I met with the artist to discuss The Drowned World on a Melbourne day that was so hot, so humid, that it could have been straight out of Ballard’s post-apocalyptic vision. The first line of the novel is, “Soon it would be too hot.” These days, inevitably, Ballard’s novel reads like an uncanny prediction of climate change. I ask Cattapan if that’s what he thought when he first read the book.

“It seemed to me, even at the time, that it was a very prescient book,” he says. “One of the phrases I use to describe the book is ‘reflective space’. Because it provides a way for the viewer to think about a whole lot of things through the reflection of the world that it is giving you. His post-apocalyptic world is reflecting back to us our own world, or, in actual fact, not our own world as it was then, but our own world to come.”
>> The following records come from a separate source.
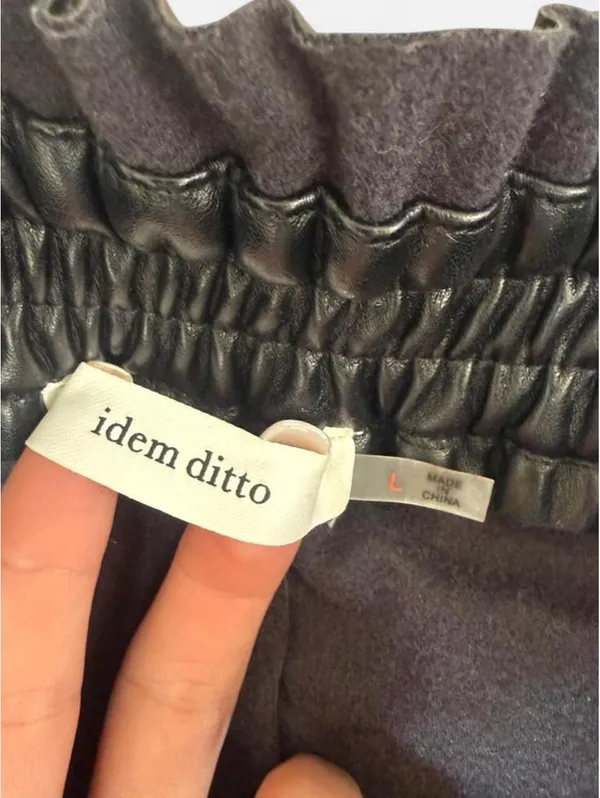 Idem Ditto Black Faux Leather Drawstring Shorts Size Large - Image 4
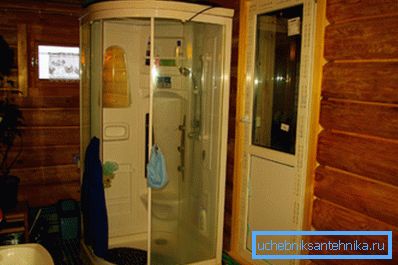 Установка душа на дачі в санвузлі Установка душа на дачі в санвузлі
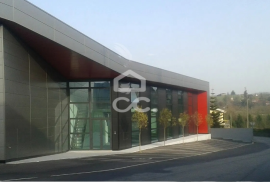 Warehouse in Carreira Barcelos for rent
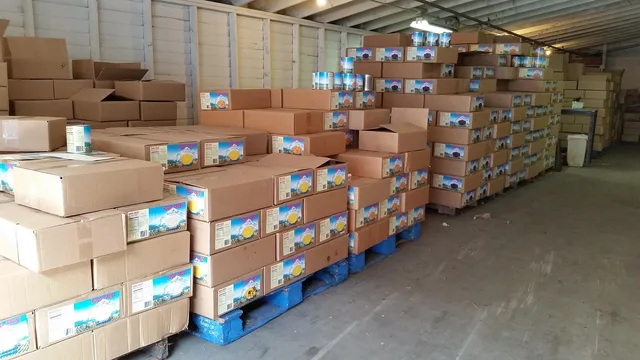 warehouse, pallet, food, product, box, storage, produce, buyer, wholesale, cargo, container, brown box, wholesale, wholesale, wholesale, wholesale, wholesale. Groothandel starten: welke inschrijvingen en vergunningen heb je nodig?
Cattapan recalls that even though the phrase ‘climate change’ hadn’t yet really gained currency, concern over the ozone layer, greenhouse gasses and global warming was mounting. “By the 1980s, there was already ecological consternation,” he points out. But, for his paintings at least, Cattapan was less interested in a future vision of ecological melt-down than in clear and present danger. “I didn’t want my paintings to be sci-fi,” he explains, “I wanted them to be of the here and now.”

eternity-no-4-2014-oil-on-linen-150-x-200-cm
Jon Cattapan, Eternity No.4, 2014, oil on linen, 150cm x 200cm. Courtesy the artist and Dominik Mersch Gallery.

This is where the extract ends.